Kriminalfilm, USA 1997, Regie: Curtis Hanson, Buch: Brian Helgeland und Curtis Hanson nach dem Roman von James Ellroy, Musik: Jerry Goldsmith, Kamera: Dante Spinotti, mit Kevin Spacey, Russell Crowe, Guy Pearce, James Cromwell, Kim Basinger, Danny De Vito, David Strathairn
Inhalt: Hollywood in den frühen 50er Jahren. Drei Polizisten, die in ihrem Charakter unterschiedlicher nicht sein könnten, geraten an den Fall ihres Lebens: Ed Exley (Pearce) ist der klassische Streber, karrieregeil, vorschriftenhörig und - vor allem - mächtig unbeliebt. Bud White (Crowe) ist das genaue Gegenteil, ein Dreinschläger, der es mit den Vorschriften und Gesetzen nicht so hat und Fünfe prinzipiell gerade sein läßt. Und da ist Jack Vincennes (Spacey), der Verhaftungen vornehmlich dann vornimmt, wenn sie ihm eine prima Titelseite in der einschlägigen Klatschpresse einbringen.
Eines Nachts wird die Kneipe Nite Owl zum Schauplatz eines blutigen Massakers. Die Tat wird kurzerhand drei Schwarzen angehängt; der Fall ist geschlossen. Exley, White und Vincennes kommen, zum Teil unabhängig voneinander, auf den Trichter, dass hier etwas stinkt. Die Spur führt ausgerechnet zum väterlichen Freund, Captain Dudley Smith (Cromwell).
Es fällt ihnen indes schwer, am selben Strick zu ziehen, denn White hasst Exley wie die Pest, und das nicht nur beruflicher Gründe wegen. Beide haben ein gewisses Faible für die Edelhure Lynn (Basinger), und am liebsten würde White seinen Konkurrenten einfach umnieten. Doch nur über ihn und mit ihm führt der Weg zur Lösung des Falles. Höhepunkt ist schließlich ein denkwürdiger Showdown, gegen die die üblichen Kintoppballereien aussehen wie das, was sie sind: Kindereien.
Filmhistorisch bedeutsam, weil: Manche Filme gehören in diese meine Liste, nicht weil sie die Filmästhetik neu geprägt haben (Außer Atem
) oder weil sie geniale Kabinettstückchen enthalten (Safety Last!

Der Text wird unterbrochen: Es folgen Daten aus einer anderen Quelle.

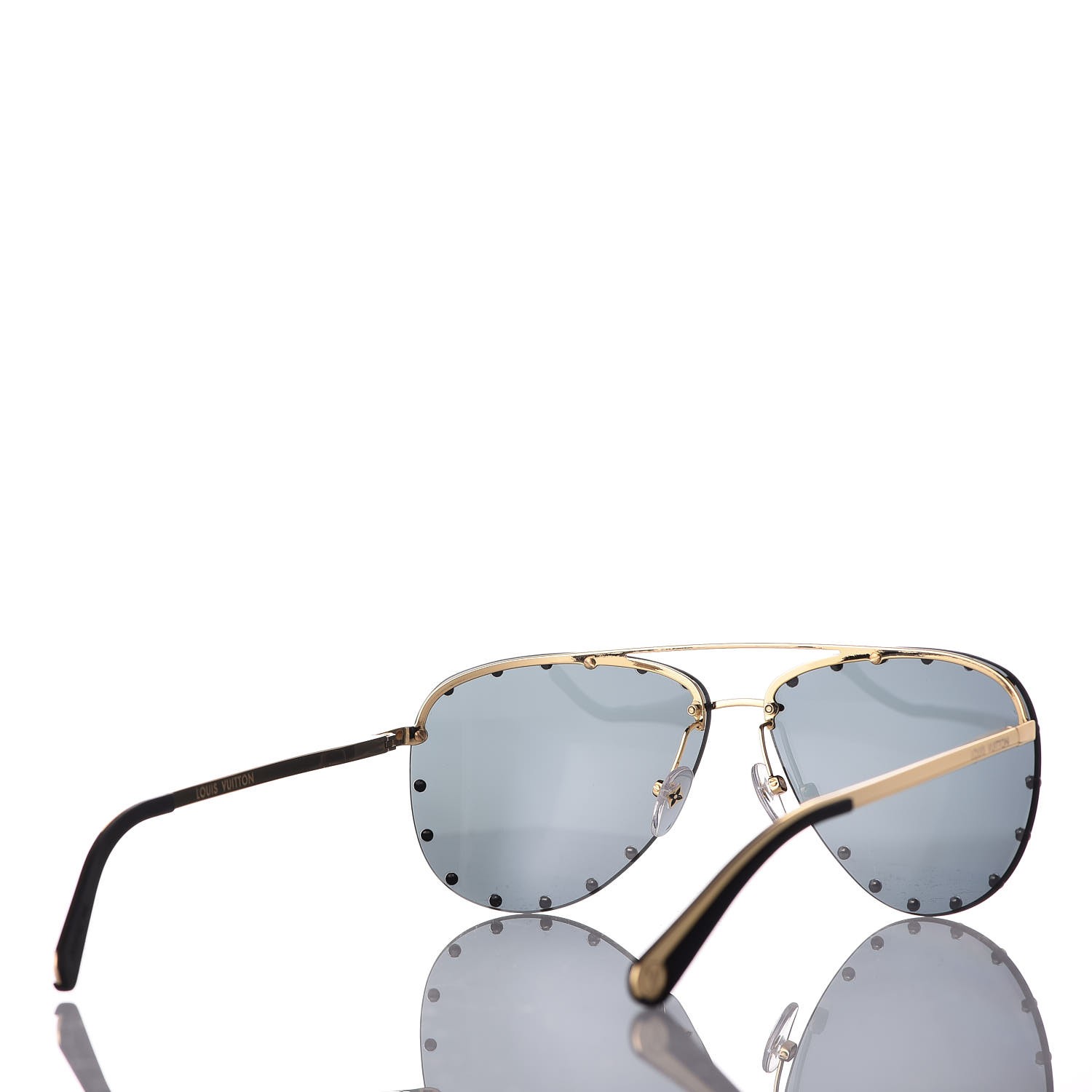 トップス LV louis-vuitton-graphic-jacquard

), sondern aus einem sehr viel schlichteren Grund: weil in ihnen auf exemplarische und geradezu wundersame Weise alles stimmt, was überhaupt nur stimmen kann. In diese Kategorie gehört Curtis Hansons L. A. Confidential
.
Dabei war im Vorfeld der Produktion Skepsis durchaus nicht unangebracht: Die Romanvorlage von James Ellroy ist ein ungeheuer komplexes Gebilde mit Hunderten von Figuren und irrsinnig vielen Handlungssträngen. Nicht umsonst wird Ellroy bisweilen mit seinen Vorbildern Tolstoi und Dostojewski verglichen. L. A. Confidential (Stadt der Teufel)

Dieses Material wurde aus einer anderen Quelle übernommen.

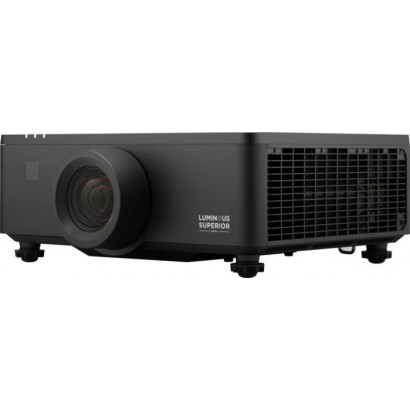 LS950-4K LS950-4K ViewSonic LS950-4K - Laser projector 4K (3840x2160) 7000 ansilumen TR 1,25-2,00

ist nicht allein Kriminalroman, sondern Sitten- und Gesellschaftsbild des Los Angeles in den 50er Jahren. Eine auf gut zwei Stunden limitierte Kinofassung konnte dem Detailreichtum eigentlich kaum gerecht werden; ein TV-Mehrteiler von sechs bis zehn Stunden Gesamtdauer schien allemal die bessere Lösung zu sein.

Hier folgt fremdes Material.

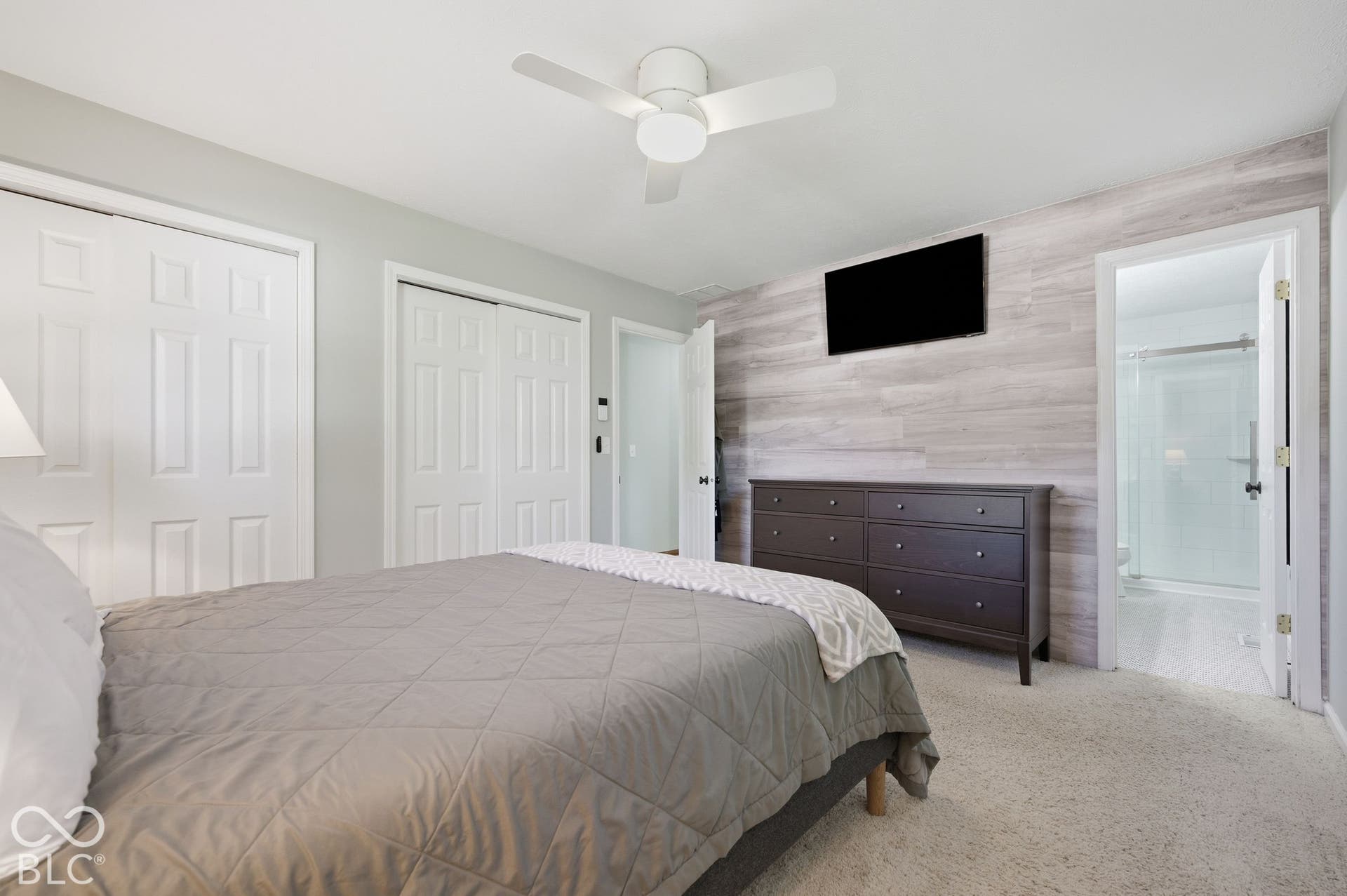 36 Lansdowne Lane, Carmel, IN 46033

Auch die Wahl des Regisseurs Curtis Hanson lag nicht unbedingt auf der Hand. Auf sein Konto ging bis dahin lieblose Konfektionsware wie Die Hand an der Wiege
(1992), später inszenierte er unter anderem das Eminem-Vehikel 8 Mile
(2002). Einzig der kaum beachtete Wonder Boys
(2000) mit Michael Douglas und Tobey Maguire lässt noch ähnliches Talent aufblitzen wie L. A. Confidential
.
Für seine Kinofassung des Ellroy-Ungetüms hat Hanson zusammen mit seinem Co-Autor Brian Helgeland die labyrinthische Geschichte gekonnt verschlankt, gnadenlos Nebenhandlungen gestrichen und zusammengelegt, dabei aber den Geist der Vorlage bewahrt (dafür gab es zurecht einen Drehbuch-Oscar). Da brodelt es unter der glatten Oberfläche des sauberen Amerikas, in dem ständig hübsche und schmissige Schlager im Hintergrund dudeln und ein Senator McCarthy gerade Jagd auf Kommunisten macht. Doch Gewalt ist allgegenwärtig, und zu trauen ist niemandem. Die Polizisten unterscheiden sich von den Gangstern oftmals nur dadurch, dass sie zufällig auf der richtigen Seite des Gesetzes stehen; ihre Methoden sind dagegen mehr oder weniger identisch.
Wer das vertraute Schema des klassischen Whodunit-Krimis mit seiner oft schlichten Schwarzweißzeichnung liebt, wird hier als Zuschauer einmal richtig gefordert: Das Verhältnis der drei Hauptfiguren ist in ständigem Wandel, aus Freunden werden Feinde - und umgekehrt. Auch aus dieser latenten Unsicherheit bezieht der Film seine Spannung, Dichte und Atmosphäre.
Abspann: Ellroys Buch ist der dritte Teil seiner sogenannten L. A.-Tetralogie; inzwischen wurde von Brian De Palma auch der erste Roman verfilmt, Die schwarze Dahlie
, doch das Ergebnis war eine schwere Enttäuschung.